Ripple mengonfirmasi bahwa mereka tidak memiliki rencana IPO, dengan alasan keuangan yang kuat, $500M dihimpun, dan strategi pertumbuhan yang berfokus pada akuisisi dan produk.
Ripple telah mengonfirmasi bahwa mereka tidak memiliki rencana untuk penawaran umum perdana (IPO) dalam waktu dekat.
Monica Long, presiden Ripple, menegaskan bahwa perusahaan akan terus tumbuh secara privat. Keputusan ini mengikuti posisi keuangan perusahaan yang kuat dan fokus pada pengembangan produk serta akuisisi, daripada go public.
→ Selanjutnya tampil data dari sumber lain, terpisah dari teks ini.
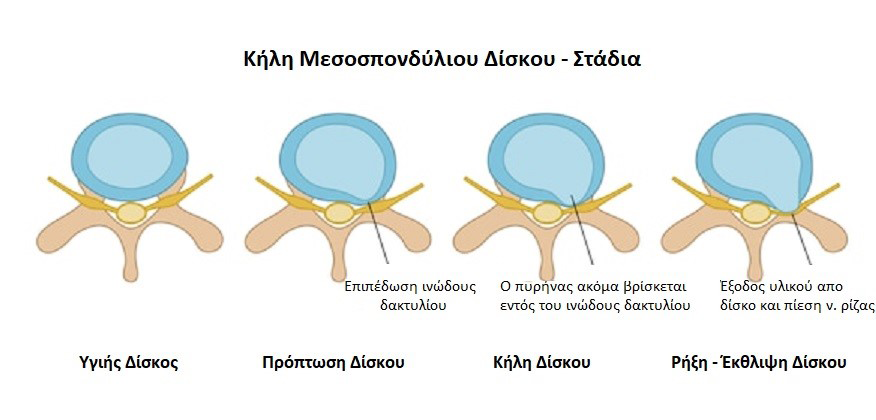 kili-mesospondyliou-diskou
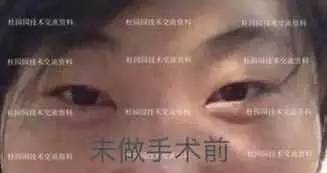 双眼不对称及形态不满意要求修复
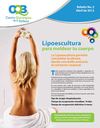 Boletín CQBelleza Lipoescultura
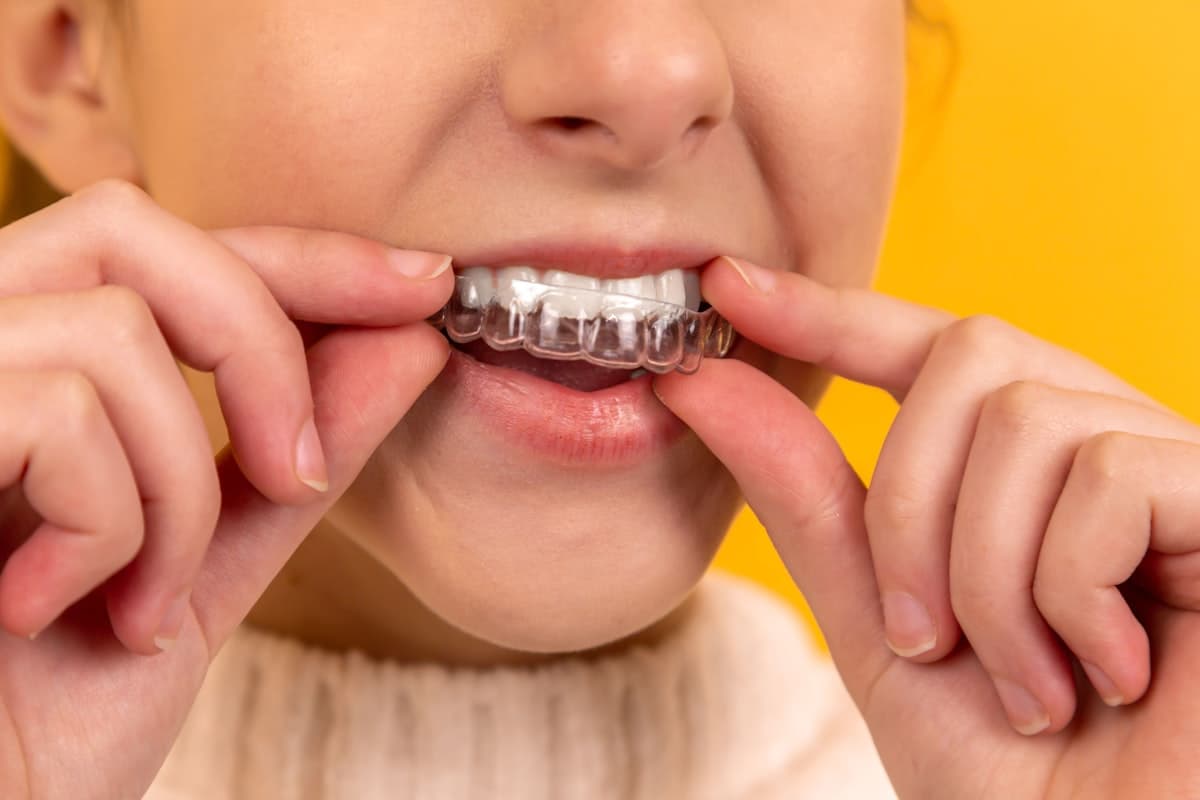 Detalle de ortodoncia con brackets en los dientes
Fokus Ripple pada Pertumbuhan Privat
Presiden Ripple Monica Long baru-baru ini menegaskan kembali bahwa perusahaan berniat tetap privat.
Dalam wawancara dengan Bloomberg, Long mengatakan, “Kami berada dalam posisi yang sangat sehat untuk terus mendanai dan berinvestasi dalam pertumbuhan perusahaan kami tanpa harus go public.” Ini menunjukkan bahwa strategi Ripple adalah fokus pada pendanaan privat daripada mencari investor publik.
Keputusan ini sejalan dengan tujuan lebih luas Ripple untuk berkembang melalui akuisisi dan pengembangan produk internal.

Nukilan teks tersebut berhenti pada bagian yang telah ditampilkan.